More

shachaf · on May 25, 2024

I use signalfd when I can, and this argument doesn't make much sense to me. The main goal of most signals you'd use it with -- like SIGCHLD/SIGPIPE -- is to wake you up and tell you that something happened, not to give you all the information. If you get a SIGCHLD, you can call wait() to get information. If you get SIGPIPE you can poll your file descriptors (though you might be doing that anyway so the signal isn't very useful). For the purpose of waking you up, coalescing isn't a problem -- only missed notifications are a problem, and signalfd handles those correctly.

Of course, for "real" signals that you must handle synchronously, like SIGSEGV, signalfd is less useful and makes less sense (and arguably something closer to Windows's SEH might make more sense). It's an odd historical artifact of Unix that SIGCHLD and SIGSEGV use the same mechanism.

thayne · on May 25, 2024

The point of the article is that signald could and probably should be more useful than it is.

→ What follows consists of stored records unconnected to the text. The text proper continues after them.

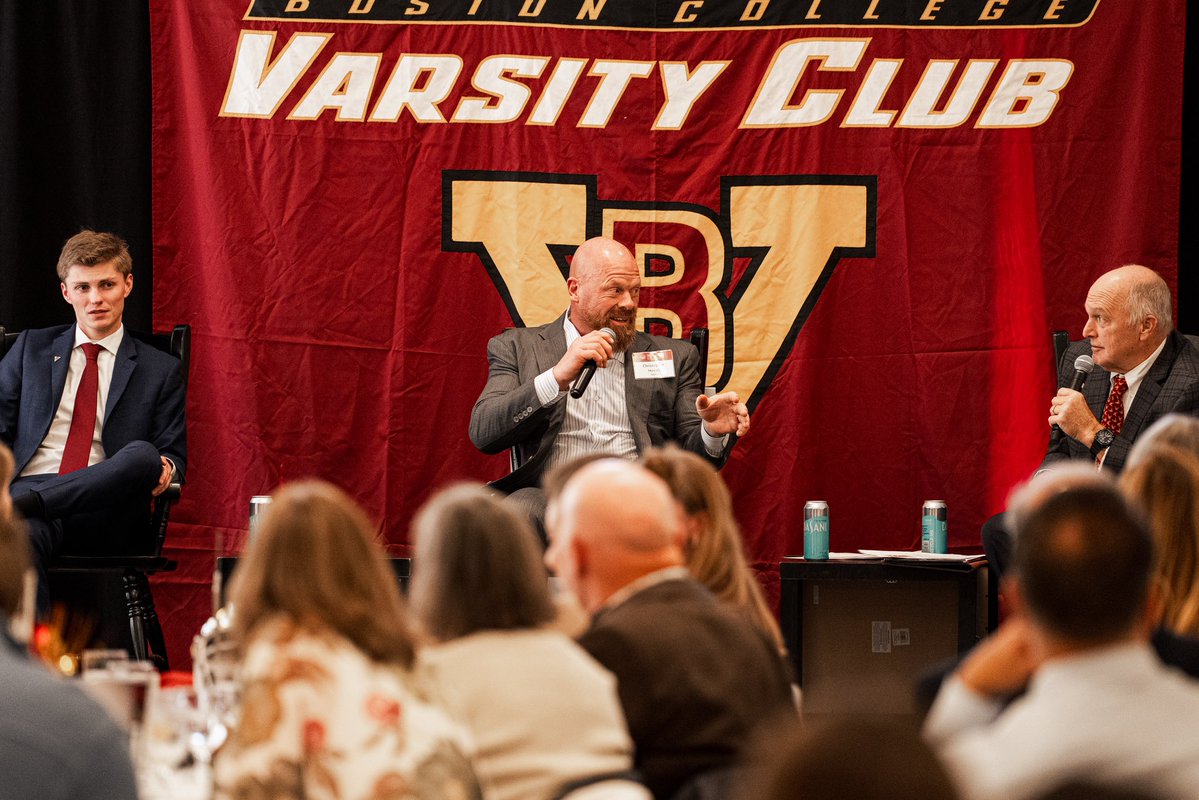 BCFootball's tweet photo. Congratulations to Chris Hovan ‘00 and Fr. Anthony Penna on their induction into the Varsity Club Hall of Fame https://t.co/4aJcrK9SPN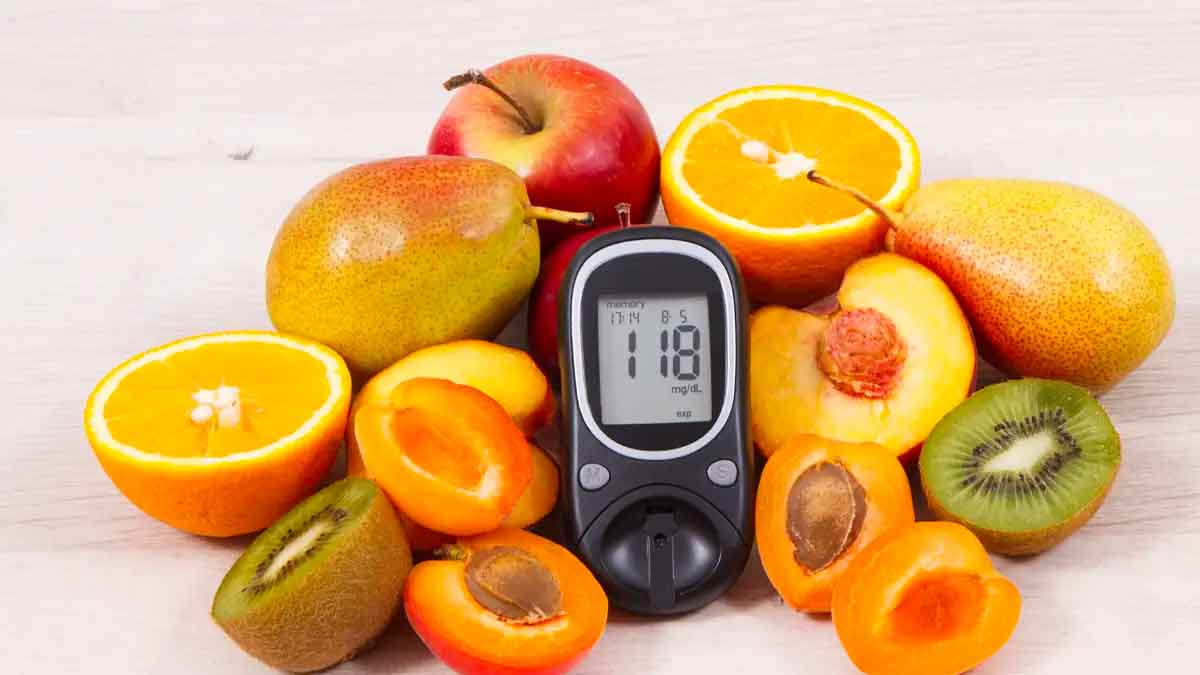 which fruits diabetics persons should take 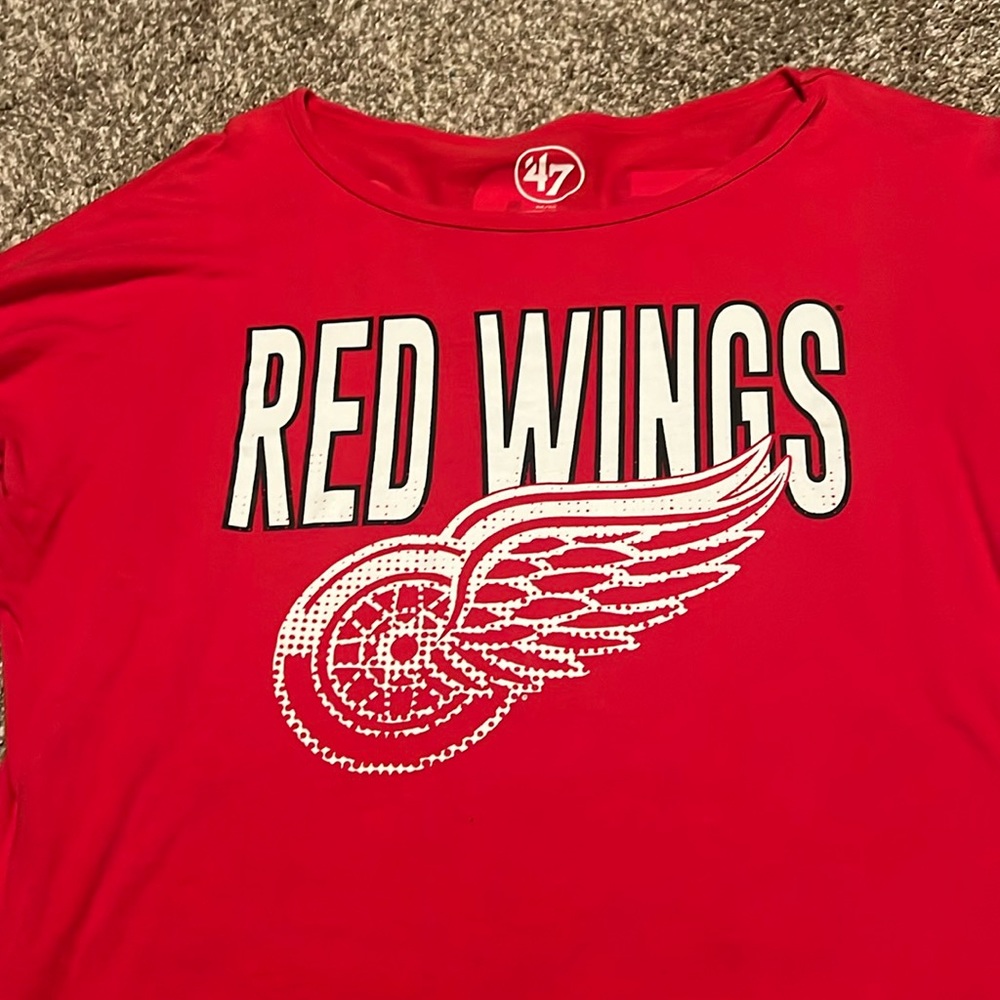 Detroit Red Wings long sleeve shirt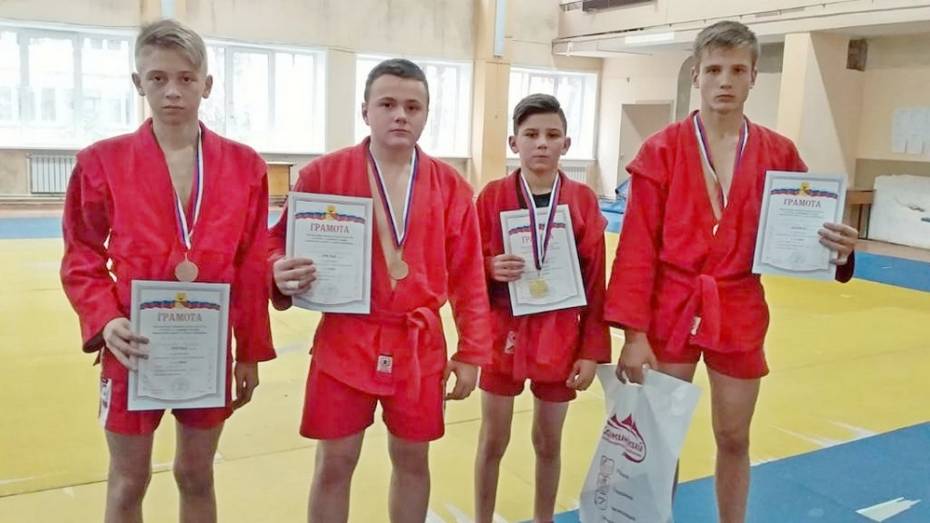 Таловские самбисты завоевали 2 золотые медали на открытом первенстве Воронежа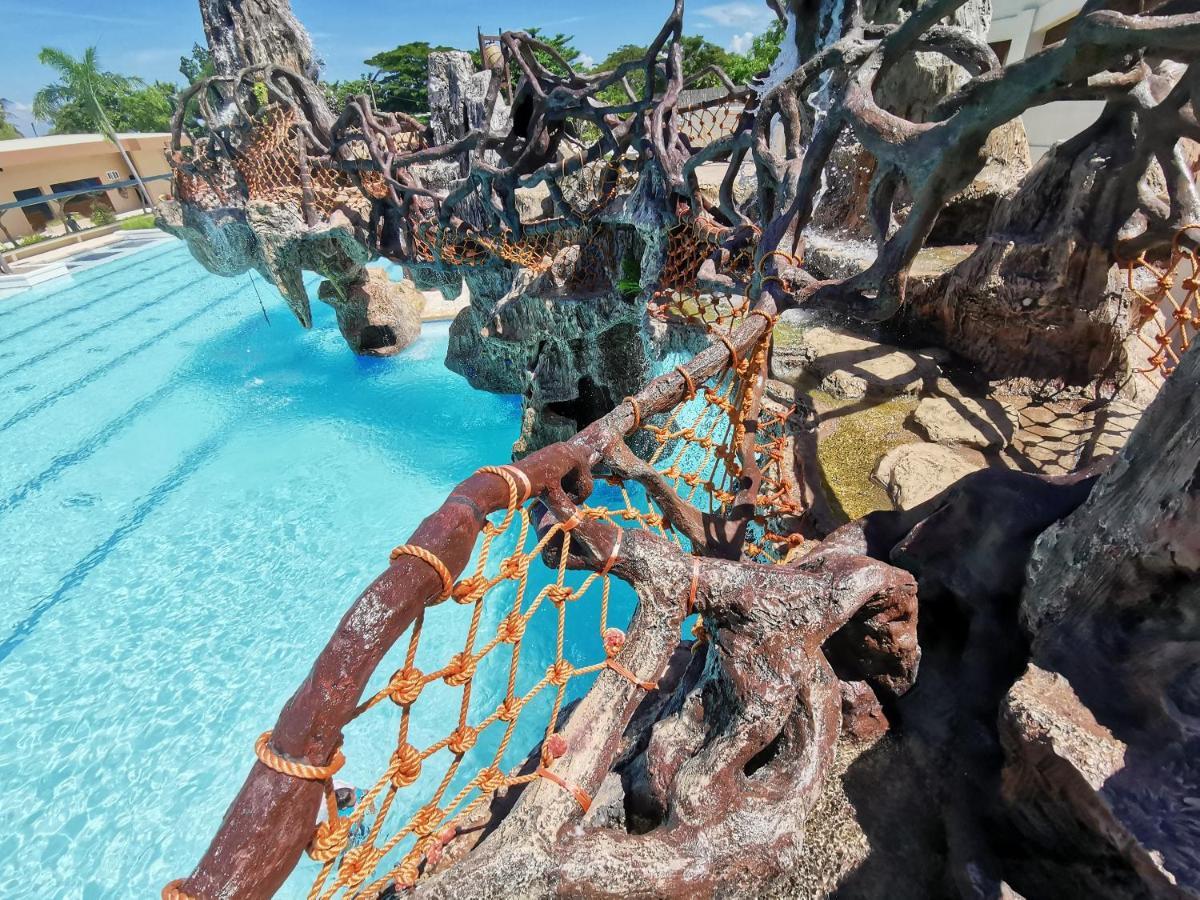 Port Royale Waterpark Resort Dumaguete City Luaran gambar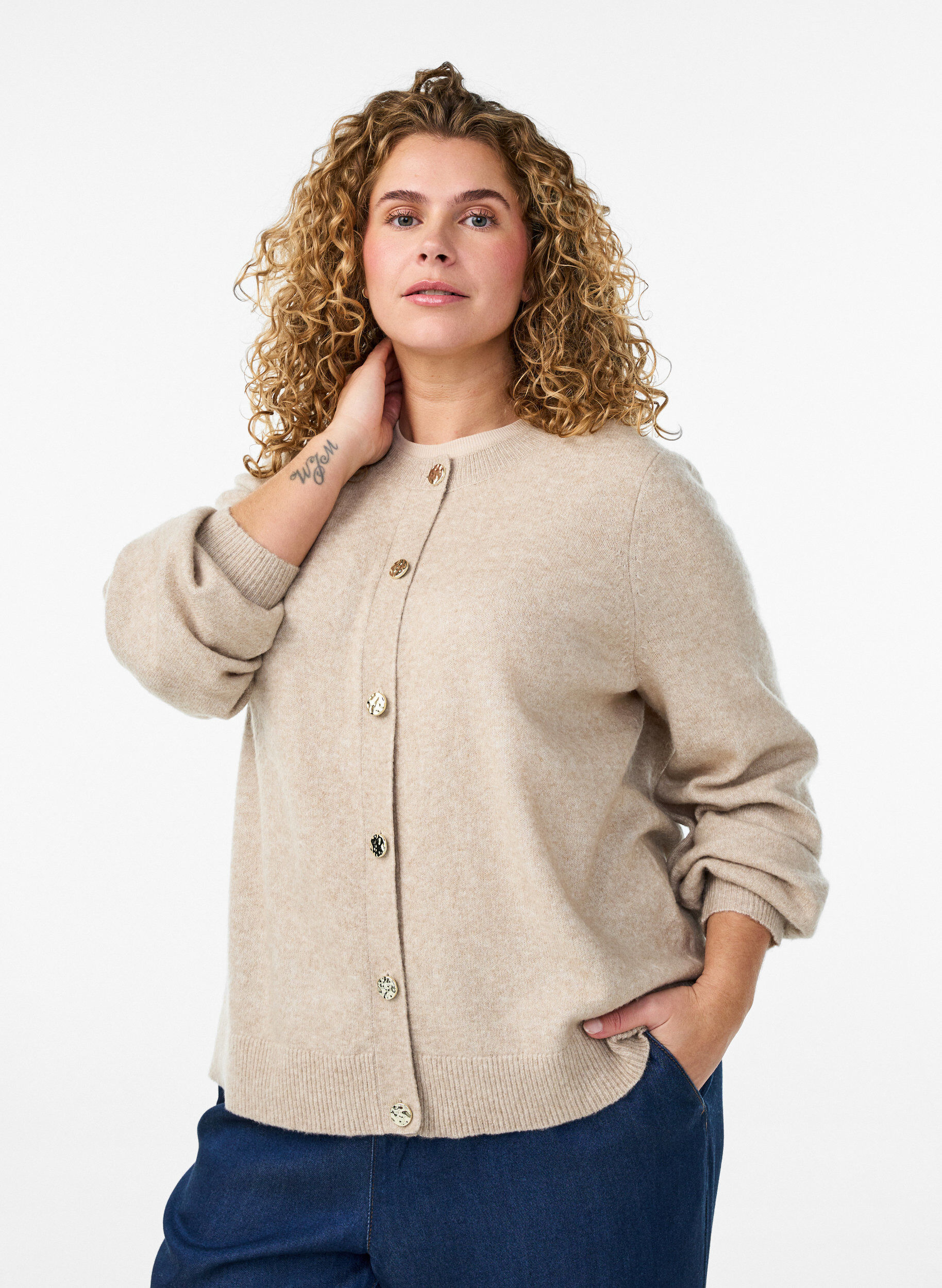 Cardigan in soft knit with gold-coloured buttons, Beige, Model
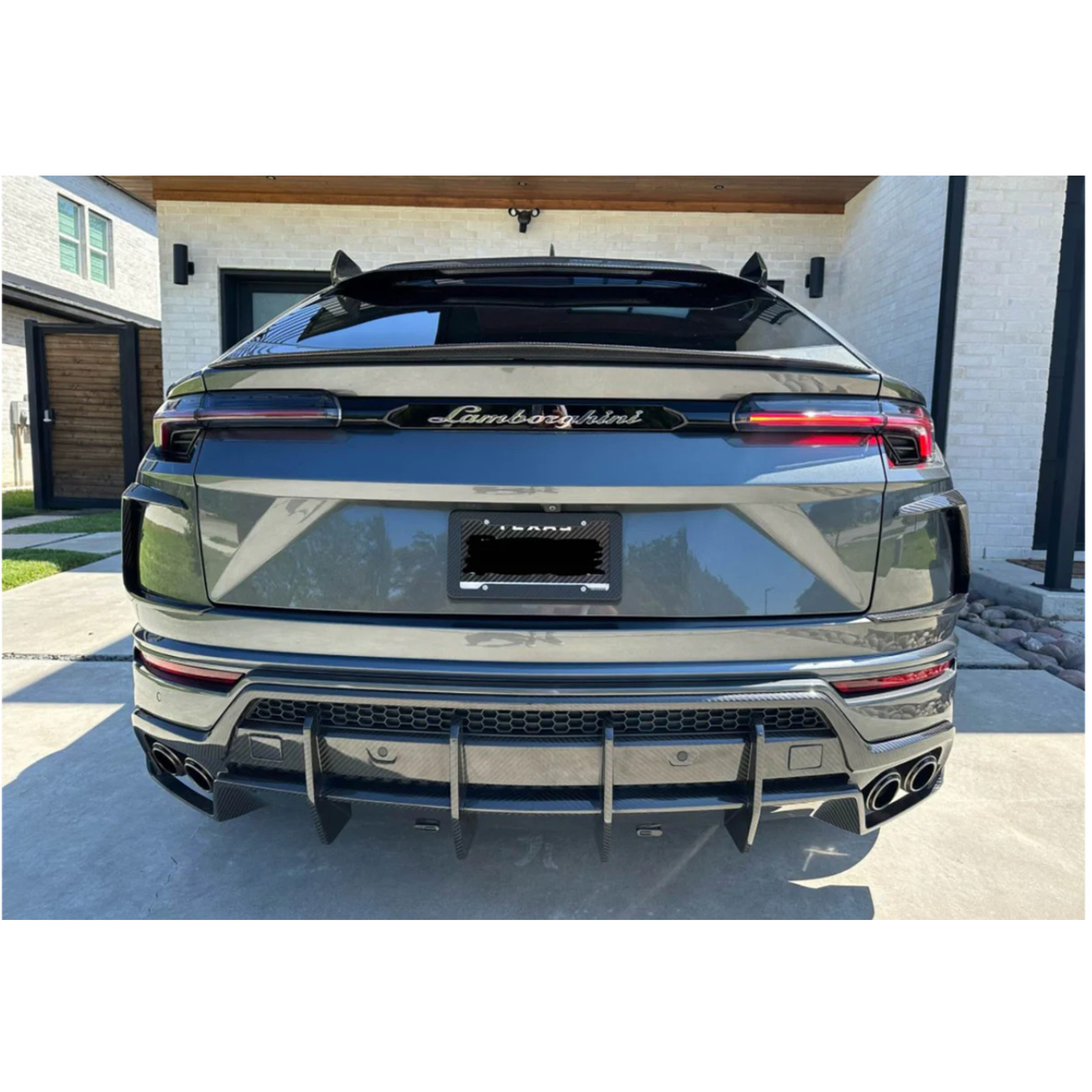 TC Style Dry Carbon Fiber Aero Body Kit for Lamborghini Urus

Even if you don't worry about coalescing, it would be a lot more useful if you didn't have to separately set the signal mask, and reset it for child processes.

> If you get a SIGCHLD, you can call wait() to get information

But you don't know how many signals actually happened, so what you actually need to do is call waitpid in non-blocking mode in a loop until you don't get an actual pid back. Or poll pidfd file descriptors.

shachaf · on Aug 25, 2023

The perspective I have in the post is that Multi-Paxos and Raft and so on are still doing pretty much exactly consensus for each log entry, they're just sharing lock IDs/ballots/terms across multiple log entries, and having the leader reuse the first phase -- acquiring the lock, reading the existing state -- across multiple instances of the second phase -- writing with the lock.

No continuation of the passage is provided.